If we are forced to partition our data should we give up on availability or consistency? Let us first look at the best way to partition, and then ask whether we want consistency or availability.
What is the best way to partition?
If economics, the laws of physics, and current technology limits argue in favor of partitioning, what is the best way to partition? Distributed objects, whether by DCOM, CORBA, or RMI failed for many reasons . The RPC model increases latencies that inhibit scalability. You cannot ignore the existence of the network. Distributed transactions fail as well because once you get beyond a local network the latencies with two-phase commit impede scalability.
Two better alternatives exist: a key value/type store such as Azure Storage Services, or partitioning data across relational databases without distributed transactions.
Storage Services allow multiple partitions of tables with entries. Only CRUD operations exist: no foreign key relations, no joins, no constraints, and no schemas. Consistency must be handled programmatically. This model works well with tens of hundreds of commoity processors, and can achieve massive scalability.
One can partition SQL Azure horizontally or vertically. With horizontal partitioning we divide table rows across the database.
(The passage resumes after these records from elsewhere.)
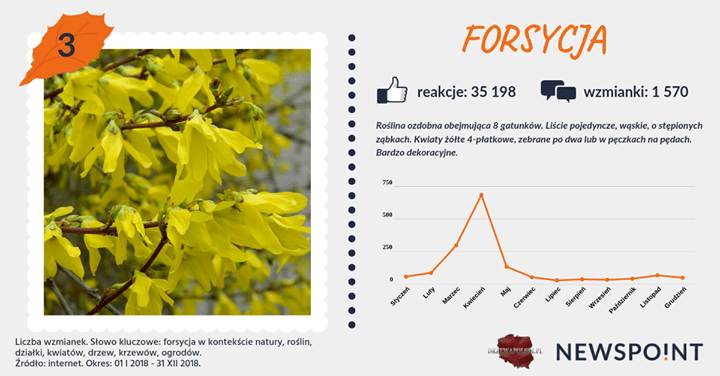 #PocztówkaZOgrodu
Zbliżamy się do końca. #Różanecznik i #forsycja to reprezentanci przedostatnich pocztówek zestawiających najpopularniejsze krzewy 🌱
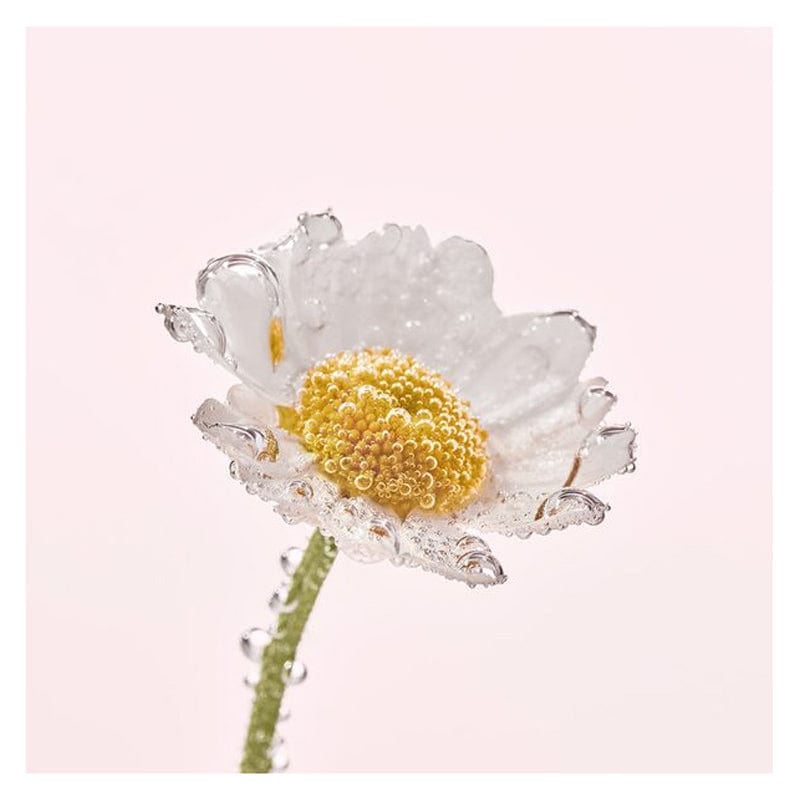 Yves Rocher Pure Camomile Face Wash Make-up Cleansing Oil 150 ml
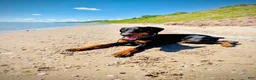 Doberman Pinscher dogs for sale: Zeus - Ad 3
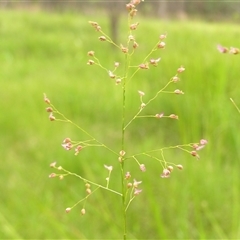 Panicum simile at Shannondale, NSW - 11 Jan 2009 by PEdwards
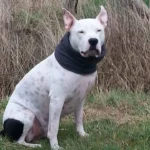 Kleintierpraxis Am Rotdorn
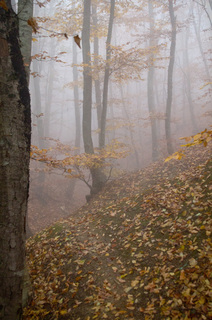 Барви осіні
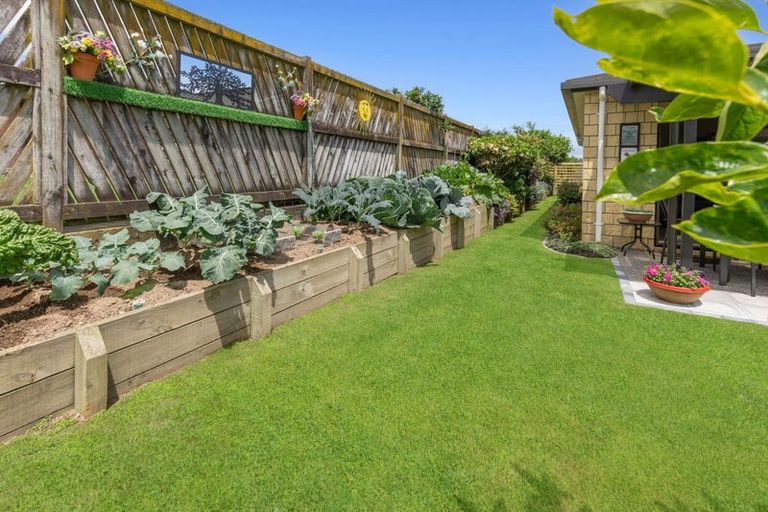Photo of property in Parkside Villas, 74/11 Manuka Street, Matamata, 3400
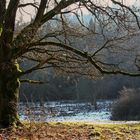 Blick in den Wald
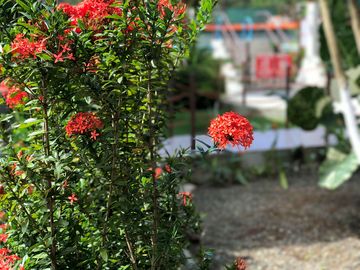 Colourful gardens on site
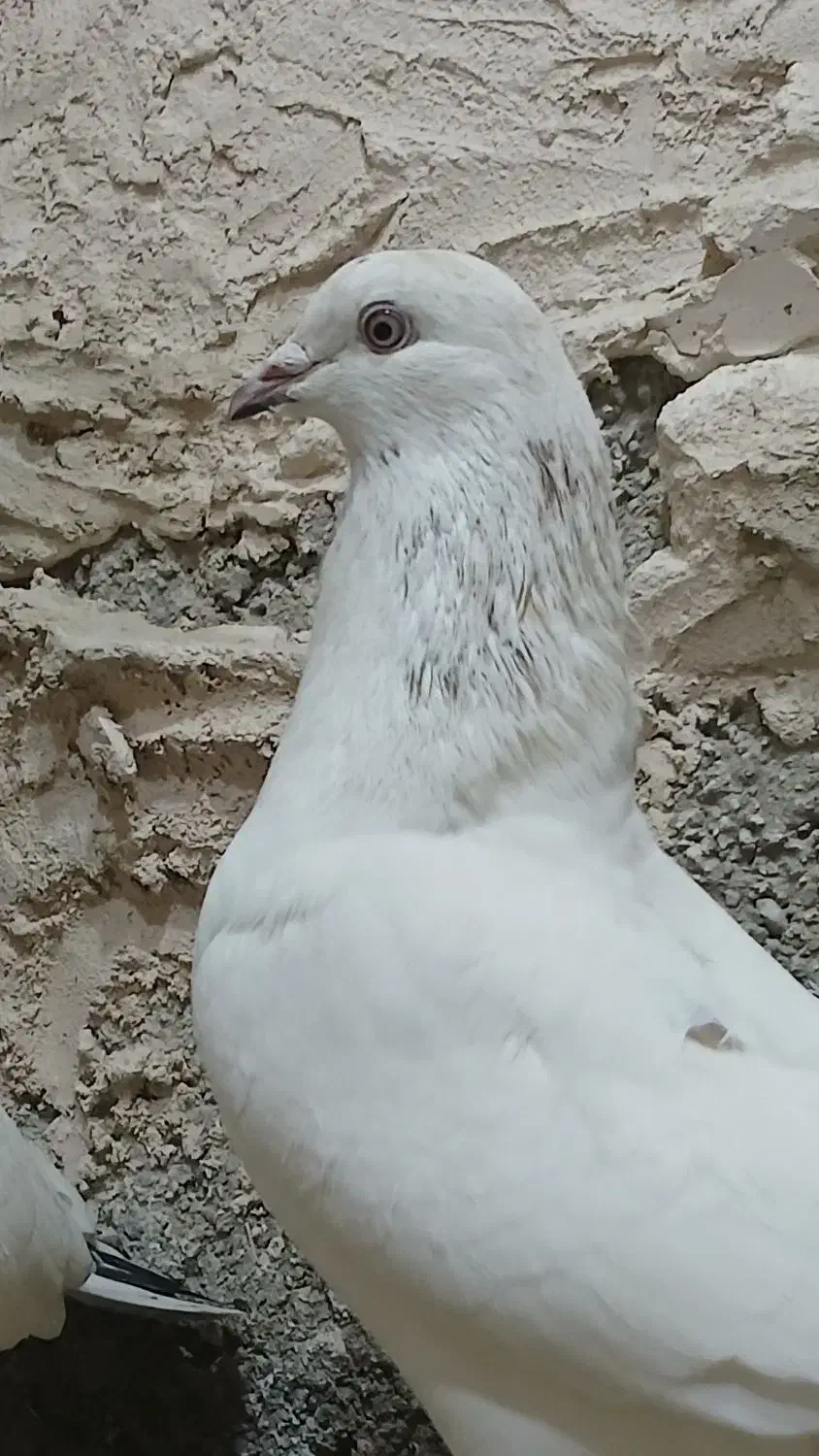 گمشده|حیوانات|قوچان, |دیوار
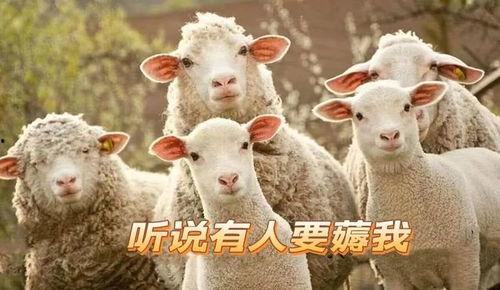 爆料君子羊视频揭秘,视频爆料背后的真相与内幕  第2张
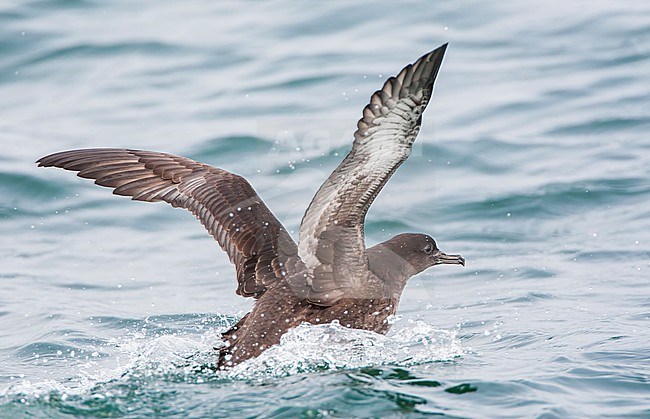 Sooty Shearwater (Puffinus griseus) during autumn migration off the California coast, USA. Formely known as Puffinus griseus. stock-image by Agami/Marc Guyt,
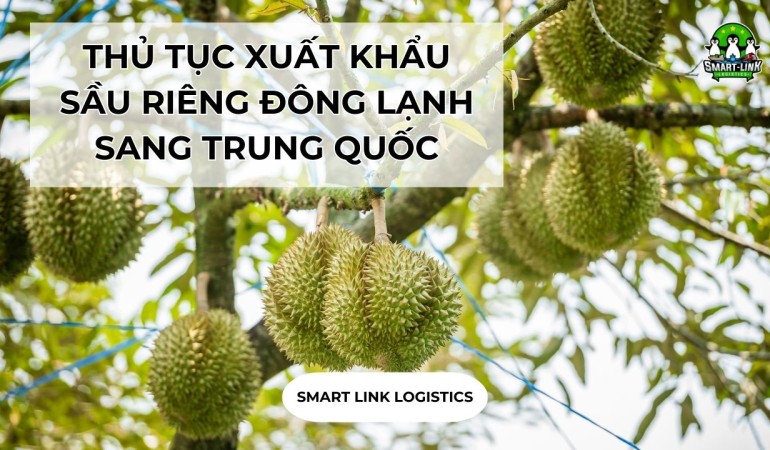 THỦ TỤC XUẤT KHẨU SẦU RIÊNG ĐÔNG LẠNH SANG TRUNG QUỐC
With vertical partitioning we divide table columns across databases. Within the databases you have transactional consistency, but there are no transactions across databases.
Horizontal partitioning works especially well when the data divides naturally: company subsidiaries that are geographically separate, historical analysis, or of different functional areas such as user feedback and active orders. Vertical partitioning works well when updates and queries use different pieces of data.
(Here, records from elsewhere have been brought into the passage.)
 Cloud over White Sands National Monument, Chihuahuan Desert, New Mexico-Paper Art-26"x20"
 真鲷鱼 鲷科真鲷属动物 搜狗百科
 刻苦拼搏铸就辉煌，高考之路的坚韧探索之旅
In all these cases we have to deal with data that might be stale or inconsistent.
Consistency or Availability?
Ask a simple question: What is the cost of an apology?
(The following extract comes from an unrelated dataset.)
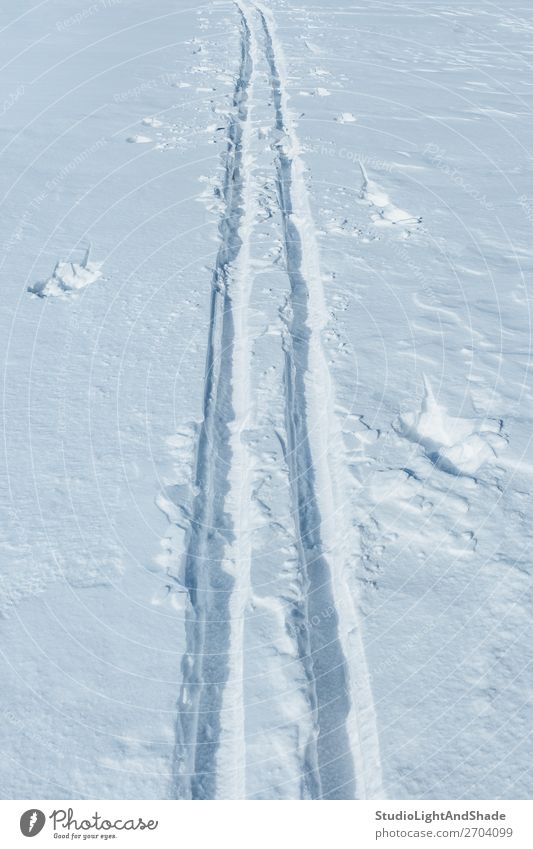 Skispuren im Schnee Lifestyle Erholung Winter Sport Natur Wege & Pfade Fährte frisch natürlich weiß Bahn Spuren üben Gesundheit Aktion Jahreszeiten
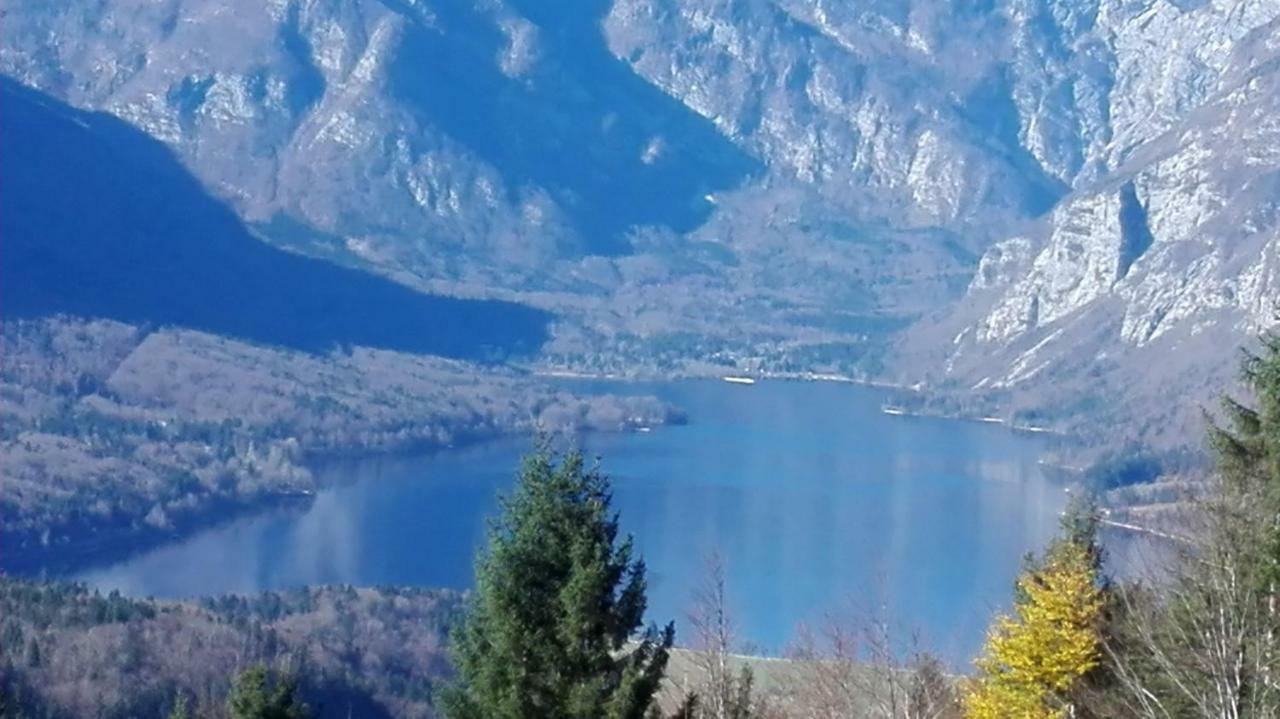 Apartmaji Korosec Na Koprivniku Lejlighed Koprivnik v Bohinju Eksteriør billede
The number of available books in Amazon is a cached value, not guaranteed to be correct. If Amazon ran a distributed transaction over all your shopping cart orders, the book inventory system, and the shipping system, they could never build a massively scalable front end user interface. Transactions would be dependent on user interactions that could range from 5 seconds to hours, assuming the shopping cart is not abandoned. It is impractical to keep database locks that long. Since most of the time you get your book, availability is a better choice that consistency.
Airline reservation systems are similar. A database used for read-only flight shopping is updated periodically. Another database is for reservations. Occasionally, you cannot get the price or flight you wanted. Using one database to achieve consistency would make searching for fares. or making reservations take forever.
Both cases have an ultimate source of truth: the inventory database, or the reservations database.
Businesses have to be prepared to apologize anyway. Checks bounce, the last book in the inventory turns out to be defective,
or the vendor drops the last crystal vase. We often have to make records and reality consistent.
Software State is not the State of the World
We have fostered a myth that the state of the software has to be always identical to the state of the world. This often makes
software applications difficult to use, or impossible to write. Deciding what the cost of getting it absolutely right is a
business decision. As Amazon and the airlines illustrate, the cost of lost business and convenience sometimes offsets the occasional problems of inconsistent data. You must then design for eventual consistency.
Scalability is based on the constraints of your application, the volume of data transmitted, or the number and geographic distribution of your users.
Need absolute consistency? Use the relational model. Need high availability? Use Azure tables, or the partitioned relational
model. Availability is a subjective measure. You might partition and still get consistency.
If the nature of your world changes, however, it is not easy to shift from the relational model to a partitioned model.